From the above results we see the average sales per customer is more in countries 'Czech Republic', 'Portugal', 'India' and no of customers are less in these countries. Thus we can say there is a potential for growth in these countries and the company should invest more in these countries.

Now let us write a query to find how many no of purchases are album purchases and how many no of purchases are not, so that the company can decide on whether it should keep purchasing albums as a whole or to only buy popular tracks from the albums to maximize revenue.

In [115]:
query = '''WITH 
            min_track_id AS
            (
            SELECT 
                invoice_id, MIN(track_id) as track_id 
            FROM invoice_line GROUP BY invoice_id
            )
            SELECT 
                album_purchase,
                COUNT(invoice_id) AS no_of_invoices,
                CAST(COUNT(invoice_id) AS FLOAT) / (SELECT COUNT(*) FROM invoice) AS percentage
            FROM
                (
                SELECT 
                    mti.invoice_id,
                    CASE
                        WHEN 
                            (
                            SELECT il1.track_id 
                            FROM invoice_line il1 
                            WHERE il1.invoice_id = mti.invoice_id

                            EXCEPT

                            SELECT t1.track_id
                            FROM track t1
                            WHERE t1.album_id = (
                                                SELECT t2.album_id
                                                FROM track t2
                                                WHERE mti.track_id = t2.track_id
                                                )
                            ) IS NULL
                        AND
                            (
                            SELECT t1.track_id
                            FROM track t1
                            WHERE t1.album_id = (
                                                SELECT t2.album_id
                                                FROM track t2
                                                WHERE mti.track_id = t2.track_id
                                                )
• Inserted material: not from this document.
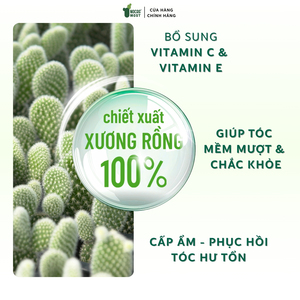 Après-shampoing Nocas aux ingrédients bio, huile de coco, extrait de nopalea, texture crème lissante, utilisation jour et nuit pour tous types de cheveux - Product Image 4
                            EXCEPT

                            SELECT il1.track_id 
                            FROM invoice_line il1 
                            WHERE il1.invoice_id = mti.invoice_id                        
                            ) IS NULL
                        THEN "yes"
                        ELSE "no"
                        END AS album_purchase
                FROM min_track_id mti
                )
            GROUP BY album_purchase
            '''
run_query(query)

Unnamed: 0,album_purchase,no_of_invoices,percentage
0,no,500,0.814332
1,yes,114,0.185668


From the above results we see about 20 percent of all the purchases are whole album purchases and rest are purchases of individual tracks.

Thus we can advise to stop purchasing albums as a whole as they only contribute to less than 20 percent of all purchases and suggest to buy popular tracks from different albums to maximize revenue.

Note that customers who are interested in purchasing whole  albums will still be able to get the most popular songs from those albums, so we wont be losing that whole 20% of the revenue.